Finnish actress (born 1984)

Seidi Haarla (born 1 January 1984) is a Finnish actress. She played the female lead in Juho Kuosmanen's film Compartment No. 6 (2021). She won the European Film Promotion (EFP) Shooting Stars Award for her role as one of the most promising film actors of the year.

==Early life==
Haarla was born in 1984 in Kirkkonummi in southern Finland. She comes from a family of actors and artists. Her father is artist Teuri Haarla (born 1955). Her younger sister Ruusu Haarla (born 1989) is a playwright and director. Her grandparents were actor Saulo Haarla (1930–1971) and soprano and actress Helena Salonius (1930–2012); her great-grandparents include stage actress Tyyne Haarla (1892–1968) and writer Lauri Haarla (1890–1944).

==Career==
In 2004, Haarla appeared in a student theater group in Helsinki. In 2005, she studied acting at the Russian State Institute of Performing Arts in Saint Petersburg. She graduated from University of the Arts Helsinki in 2015 with a Master of Arts in Theater and Drama.

Together with her sister Ruusu, Haarla wrote the plays The Trauma Body (2014) and New Childhood (2020) which were inspired by her own childhood experiences.
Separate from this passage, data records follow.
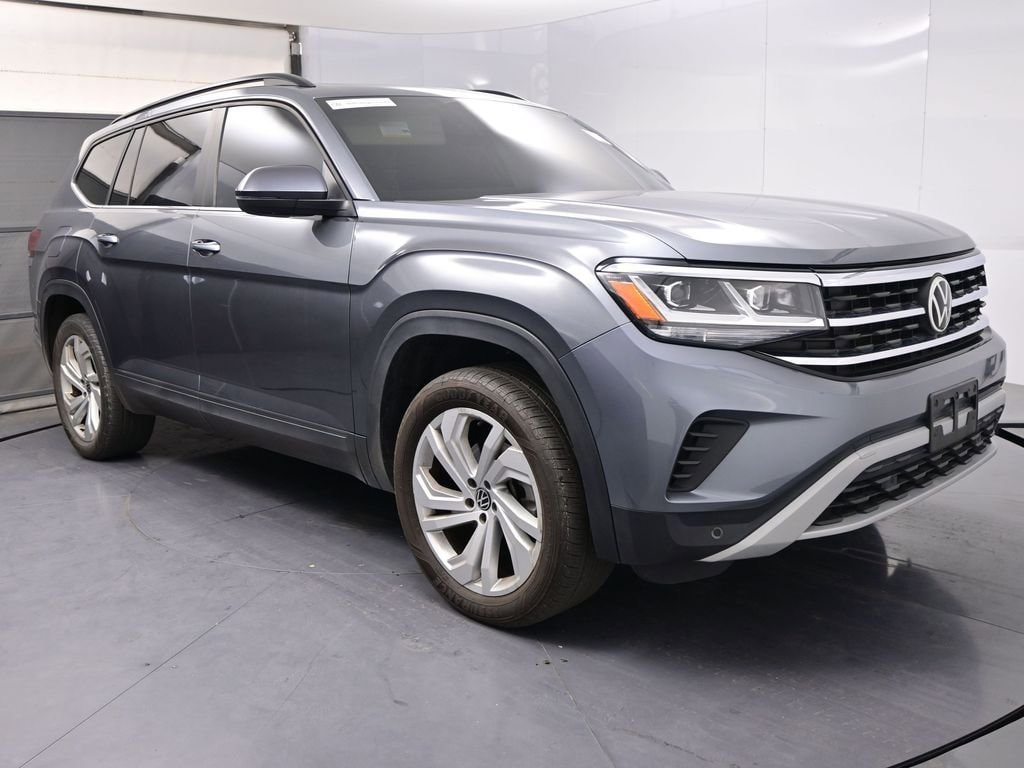 Used 2021 Volkswagen Atlas SE w/Tech with VIN 1V2JR2CA7MC570722 for sale in Lake Elsinore, CA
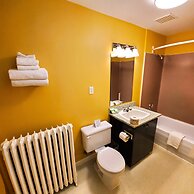 James Bay Inn Hotel & Suites
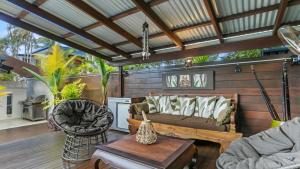 Gallery image of Coconut Blue - Private Heated Pool, Walk to Beach, Restaurants & Shops, Tropical Courtyard Shower in Palm Cove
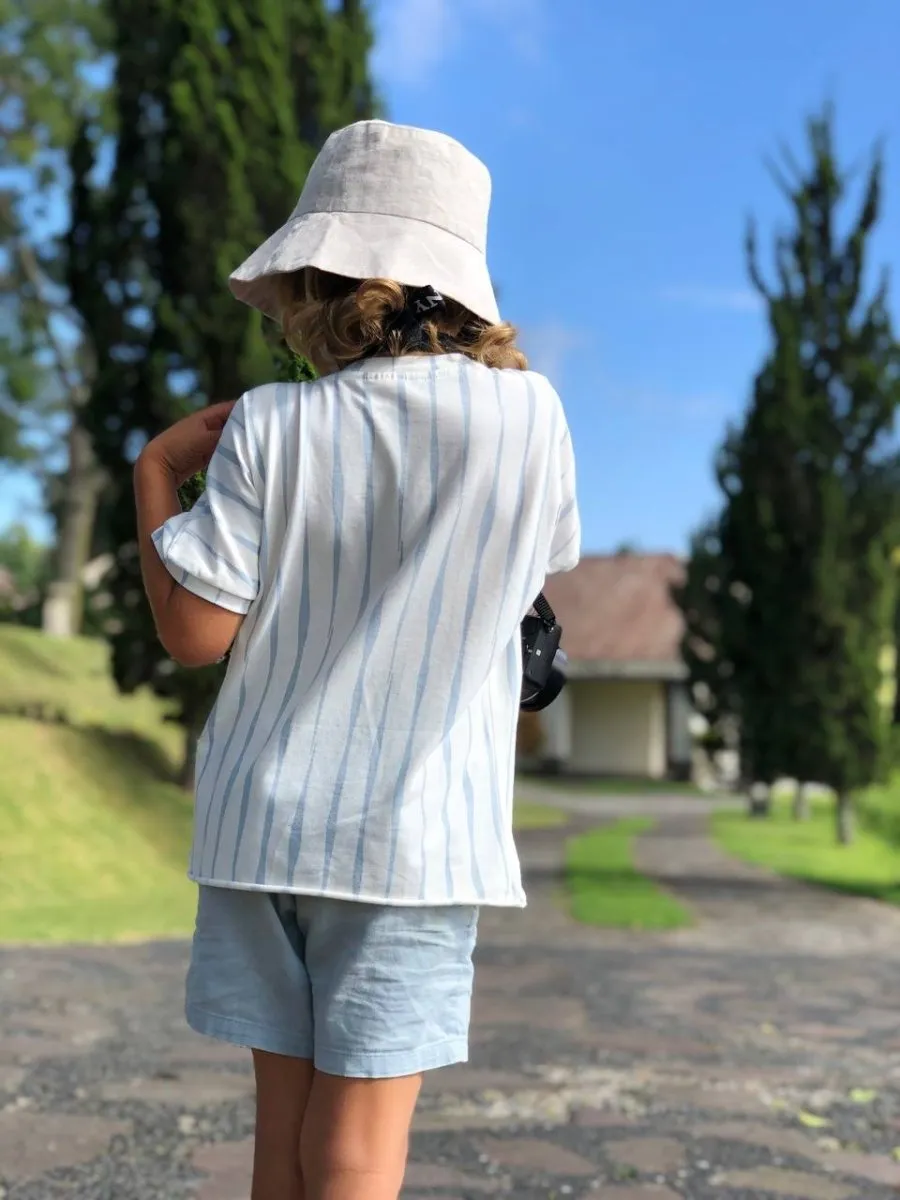 Organic t-shirt with Blue stripes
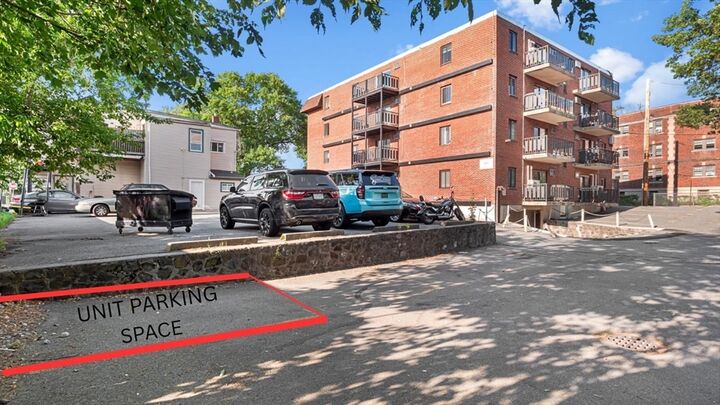 Property Photo: 26 W Wyoming Ave 1F MA 02176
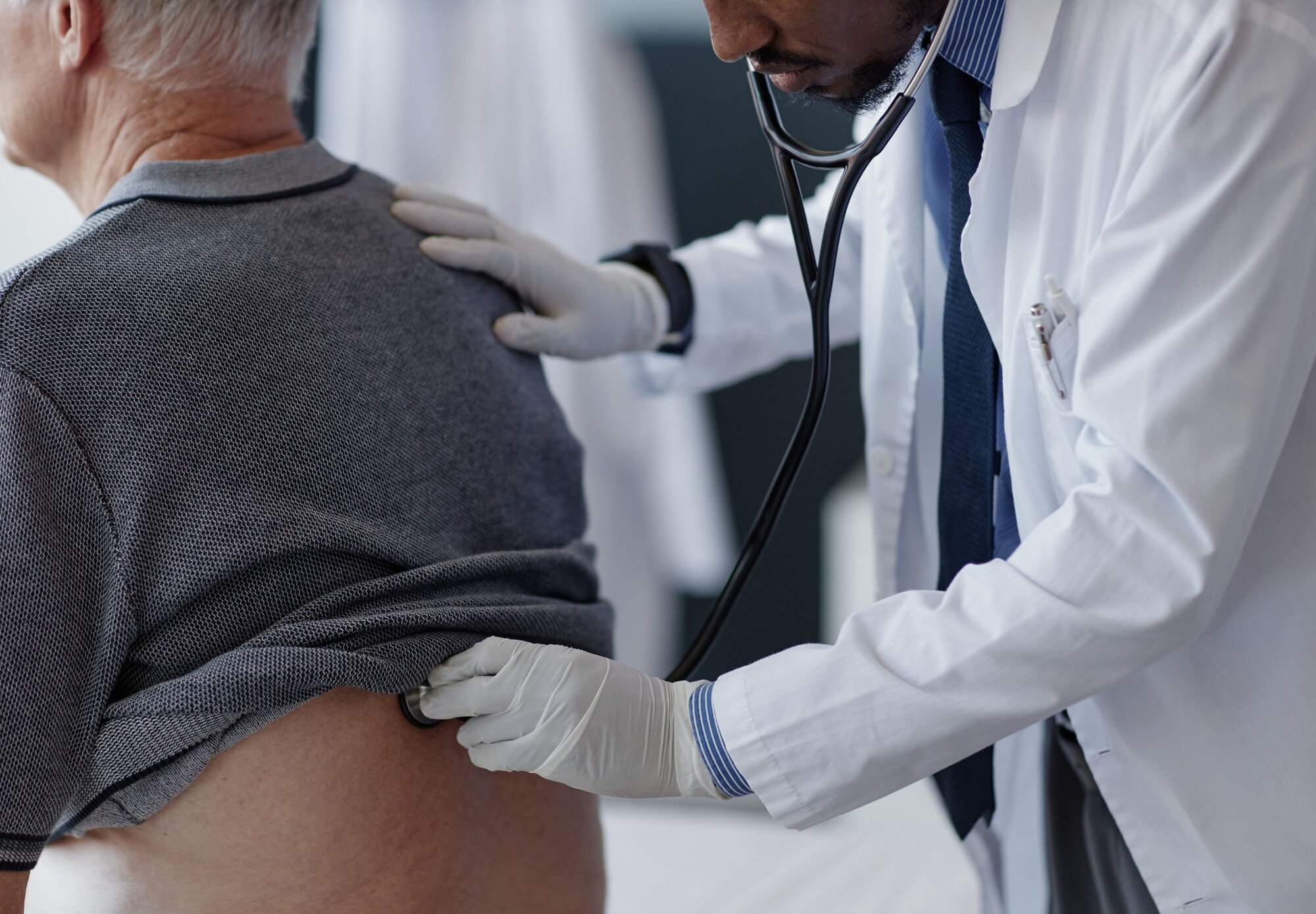 Heilmassage Leistung: Ein Mann wird von einer Frau massiert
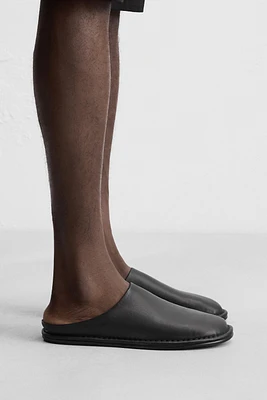 LEATHER CLOGS LIMITED EDITION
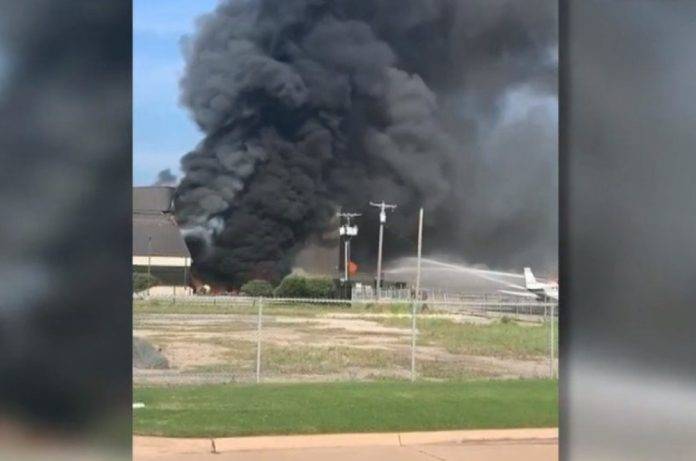 Avionazo deja trágico saldo de 10 muertos (video)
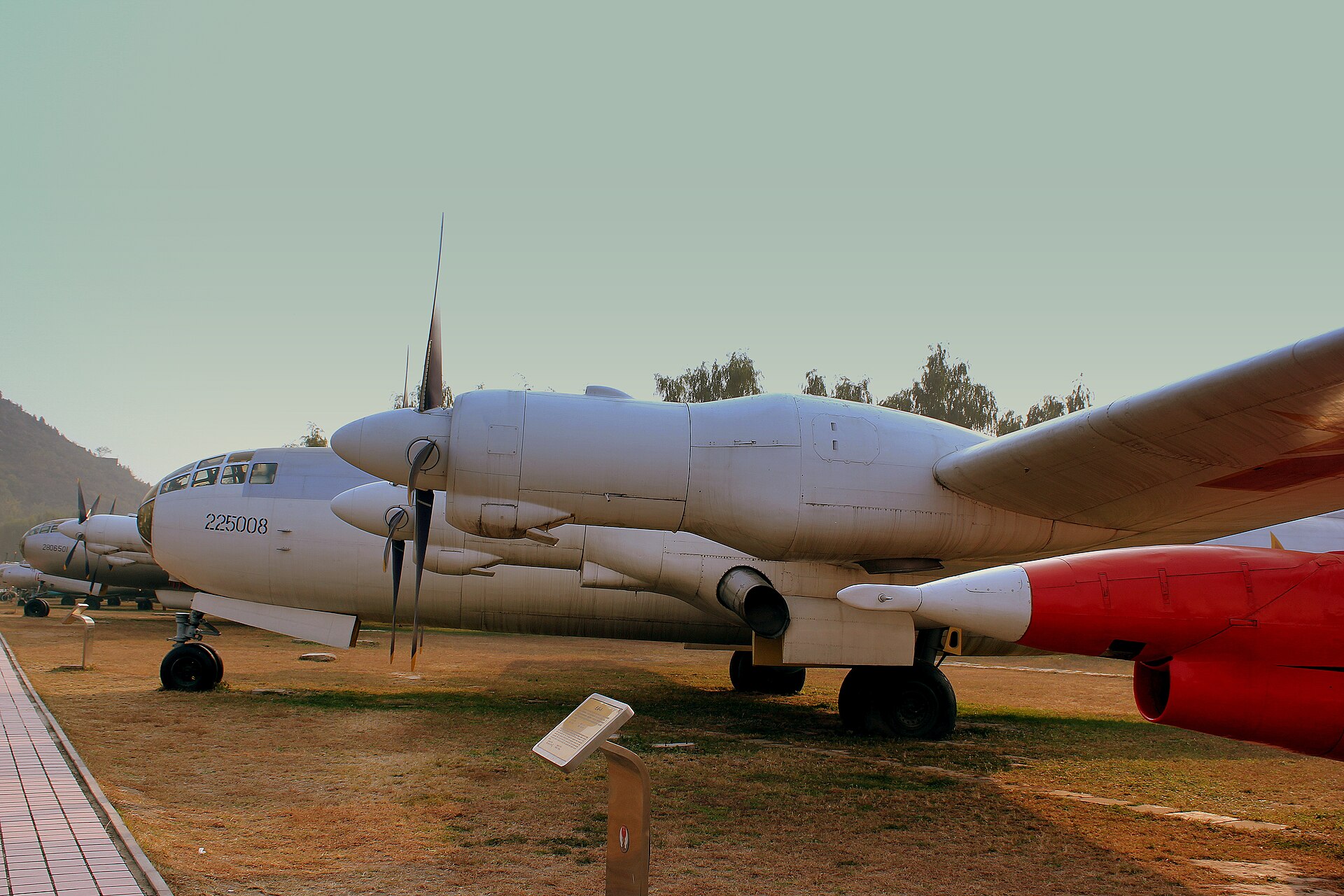 Imagem de referência de Tupolev Tu-4, descrito nos dados abertos como bombardeiro estratégico soviético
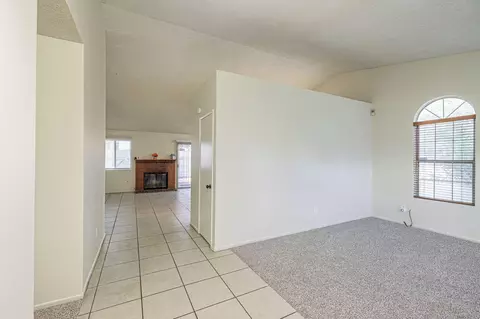 645 Ivesbrook St E, Lancaster, CA 93535 photo 2
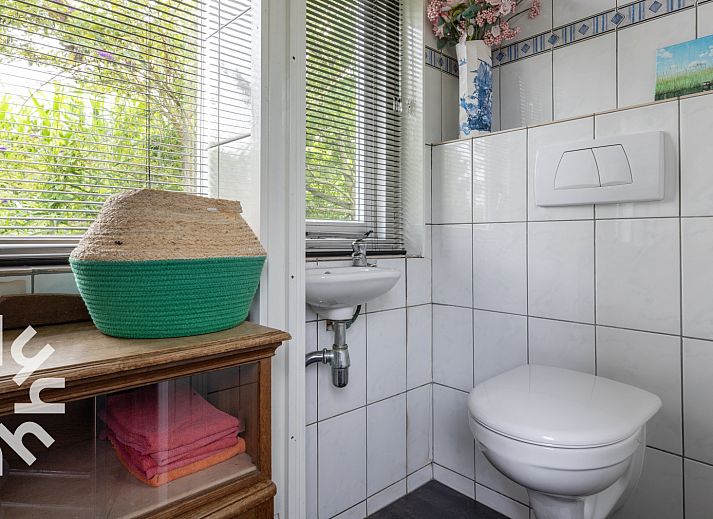 Moderne badkamer in vakantiehuis OV692, Giethoorn, Noordwest Overijssel, Overijssel.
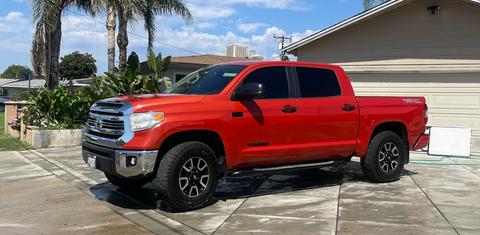 Toyota Tundra 2017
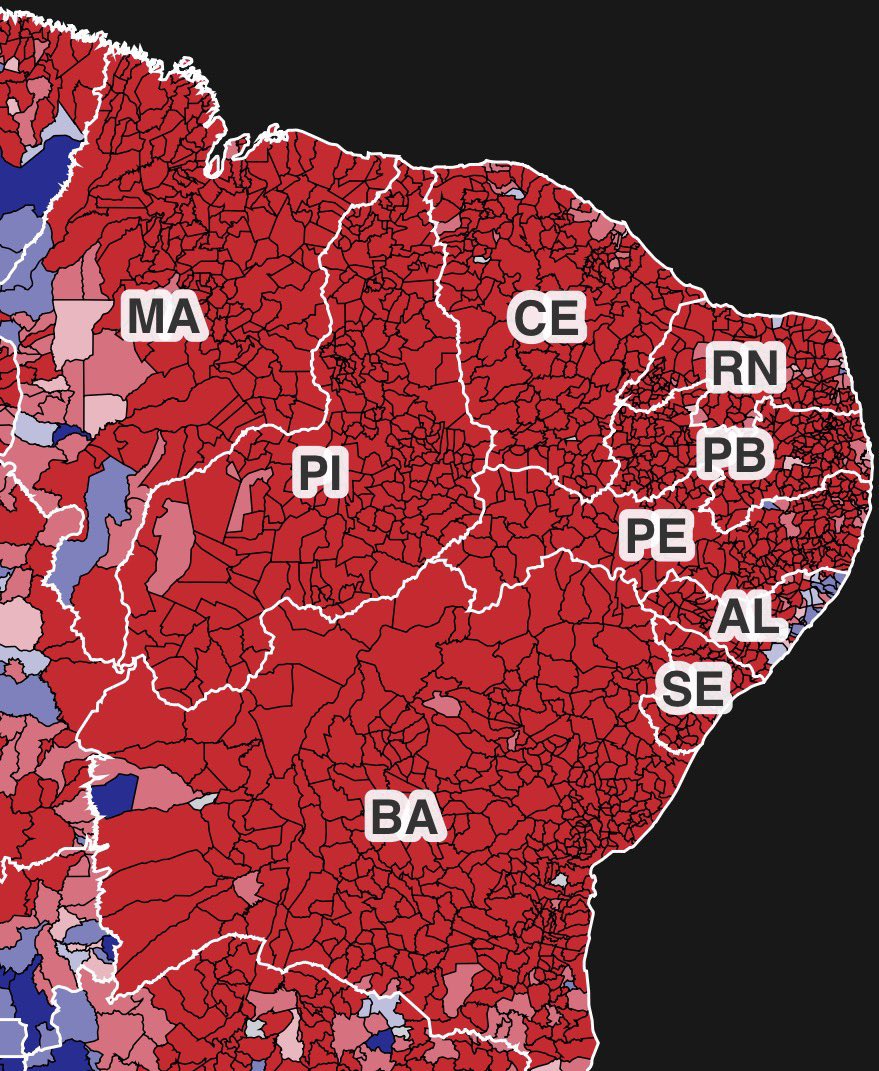 xiaozitos's tweet photo. única coisa que posso me orgulhar hoje é da minha região, eu de verdade tenho muito MUITO orgulho de ser nordestina, não somos a região com as maiores notas do enem atoa. https://t.co/7fi1G1hahD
She appeared on stage in their productions.

Haarla has appeared in Finnish film and television productions since 2015. In 2021, she took on the female leading role of Laura in Juho Kuosmanen's film drama Compartment No. 6, which is based on Rosa Liksom's novel of the same name. Her performance earned her critical acclaim and an award as one of the European Shooting Stars 2021. Haarla was nominated for Best Actress at the European Film Awards 2021.

==Personal life==
Haarla is married with three children and lives in Turku.